O que se distingue num artista é a força e a multiplicidade de suas manifestações

O que se distingue num artista é a força e a multiplicidade de suas manifestações. Criatividade não é senão a capacidade em apresentar ideias múltiplas com potência. Por isso todo grande artista, desenvolvendo-se, tende à variedade e aos excessos e torna-se gradativamente mais radical em suas manifestações. Em geral, acabam ceifados desta terra antes de se darem por satisfeitos. Mas há, também, os que se recolhem no silêncio após convictos de que disseram, até a última palavra, o que haviam de dizer.

O complexo de vira-lata

Estou pensando em Nelson Rodrigues e seu célebre diagnóstico:

Por “complexo de vira-lata” entendo eu a inferioridade em que o brasileiro se coloca, voluntariamente, em face do resto do mundo. O brasileiro é um narciso às avessas, que cospe na própria imagem. Eis a verdade: não encontramos pretextos pessoais ou históricos para a autoestima.

Não posso deixar de fazer ressalvas. Quanto aos pretextos, deixo para uma próxima. Vamos hoje do princípio do raciocínio. Nelson travava relações com pessoas da melhor instrução. Sua análise é precisa quando aplicada aos brasileiros ilustrados ou, em outras palavras, aos brasileiros cientes de que o planeta se não resume no Brasil. Há uma distância imensa entre a visão de mundo do que podemos chamar de “classes cultas” e da plebe brasileira. Admira a Europa, os Estados Unidos aqueles que lá estiveram ou, ao menos, aqueles que de lá têm algum conhecimento. Nas classes mais baixas, o “complexo de vira-lata” não só é inexistente, como transmuta-se no fenômeno oposto. O brasileiro médio, isto é, o inculto, ufana-se de patriotismo e estufa o peito para falar do Brasil. Se não declara inexistentes todos os outros países, então para com eles demonstra uma hostilidade impressionante. É conversar com pouco instruídos e descobrir que muitos deles possuem opiniões fortíssimas contra a China, contra a Rússia ou contra várias outras nações, mesmo incapazes de apontar-lhes num mapa a localização. É dizer ao brasileiro médio coisas como a grandeza do território, a potência natural, a diversidade e, especialmente, o futuro de seu país e vê-lo, emocionado, a dizer pelos olhos de qual complexo padece.

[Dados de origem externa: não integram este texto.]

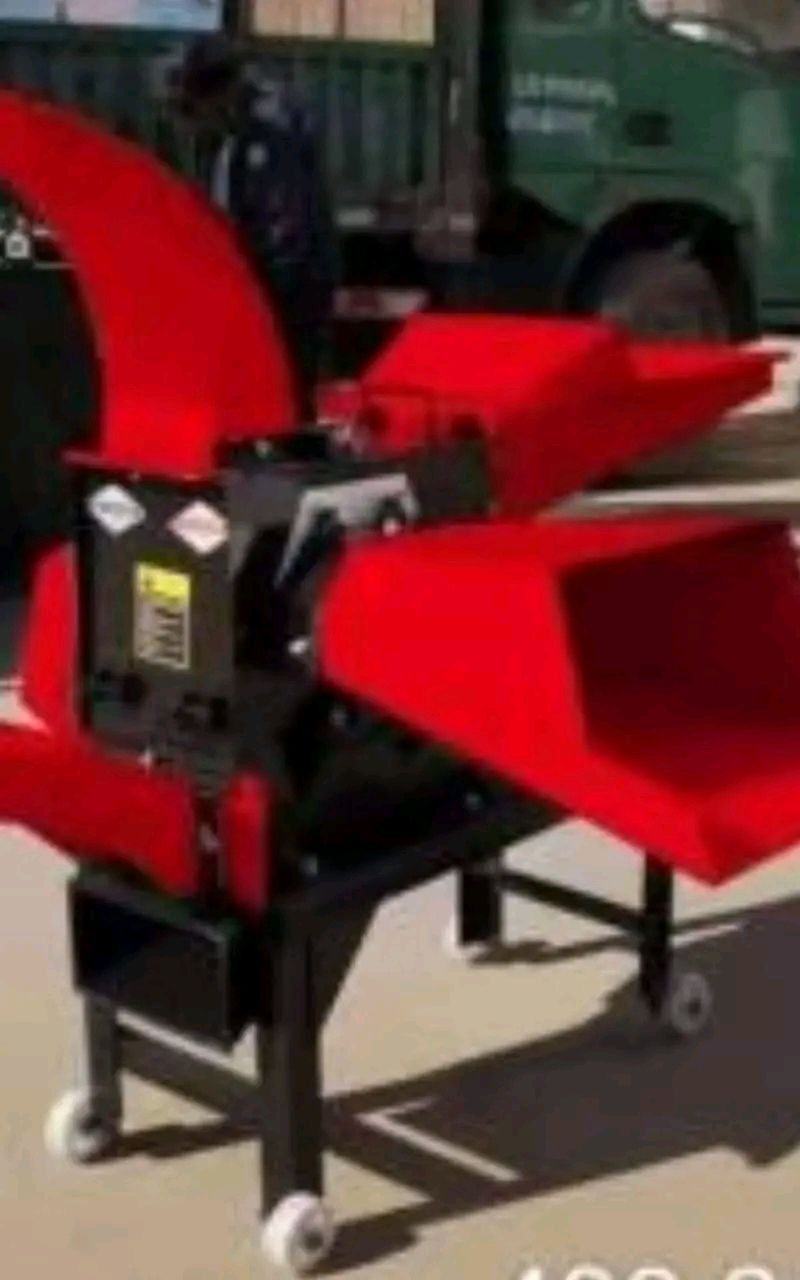 يتوفر لدينا مجارش علف إنتاج 700 كغم بالساعه لكافة أنواع الحبوب وتقطيع اعلاف خضراء مثل الجت والبرسيم وغيرها مواصفات عاليه الجوده مع غرابيل لاحجام الجرش ناعم وخشن لإعلاف الدواجن والأسماك والماشيه مع ضمان الجوده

Um país culturalmente relevante

Um país, para que seja culturalmente relevante, necessita de ao menos um símbolo de orgulho nacional. Do contrário, arrastar-se-á pelo tempo em meio a um deserto cultural intransponível e, ainda que esparsas lhe surjam algumas manifestações culturais valorosas, estas jamais terão papel relevante e transformador. Se não enxerga no passado algo que o une e o distingue, um povo está para sempre condenado à insignificância cultural.